C'est fait ! J'ai enfin pris le temps de découvrir ce Bad Lieutenant (1992) signé Abel FERRARA, cinéaste qui jusqu'ici ne m'avait guère convaincu à travers les trois films que j'avais vu de lui, qu'il s'agisse du déplorable Tommaso (2020), du voyeuriste et sans grand intérêt L'Ange de la vengeance (1981) ou de The King of New York (1990) qui sans m'enthousiasmer me paraissait plus intéressant. Verdict : j'ai largement préféré cette proposition.
D'abord et en premier lieu, j'ai enfin vu une mise en scène pertinente, que j'ai sentie habitée par l'âme de son réalisateur, entièrement pensée et commise pour illustrer son récit et le parcours de ses personnages.
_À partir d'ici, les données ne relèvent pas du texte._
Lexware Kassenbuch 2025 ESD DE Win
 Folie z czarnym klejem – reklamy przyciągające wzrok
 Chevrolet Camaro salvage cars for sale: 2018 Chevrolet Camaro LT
Jouant sur des jeux d'ombres et lumières à poser visuellement en parallèle avec la noirceur de ce flic qui en dépit de ses nombreuses parts d'ombre parvient à nous montrer en divers endroits son humanité.
Film d'une noirceur rare, auscultant voire même autopsiant l'âme sombre d'un homme bouffé par ses vices, absolument ignoble dans son comportement mais qui viscéralement ancré dans son approche catholique de la rédemption et du pardon, va à l'aune d'un fait divers, pourtant pas plus sordide qu'un autre s'évertuer à se racheter, la question étant alors de savoir s'il y parviendra ou si il est définitivement condamné à la damnation éternelle.
Les scènes d'effroi s'enchainent, ne laissant jamais au spectateur le loisir d'une respiration, que ce soit ses déchainements de violences, ses rapports viciés aux autres, à tous les autres, ou les scènes de prises de drogues qui sont d'un réalisme à la fois choquant et tellement rigoureux sur l'exactitude des effets que peuvent procurer ces produits, j'en parle en connaissance de cause étant moi-même un ancien polytoxicomane et autant les mises en scène spectaculaires de films comme Trainspotting (1996) ou Requiem for a dream (2001) me font doucement rire tant elles sont le fait de personnes n'ayant manifestement jamais usé de dopants, autant là j'ai revu des scènes et des situations d'un glauque absolu qui ont raisonné en moi de façon paradoxalement douloureuse et mémorielle.
J'avoue que je suis encore en pleine digestion de l'expérience "Bad Lieutenant", Harvey KEITEL est immense, il est en tout cas évident que je comprends qu'on m'ait conseillé ce film et alors que j'avais dit en conclusion de ma critique sur "The King of New-York" que si celui-ci ne me convainquait pas d'avantage j'en conclurai que ce cinéaste ne me correspondait pas, maintenant je suis curieux d'en découvrir d'autres et j'invite mes lecteurs à m'indiquer vers quoi me diriger.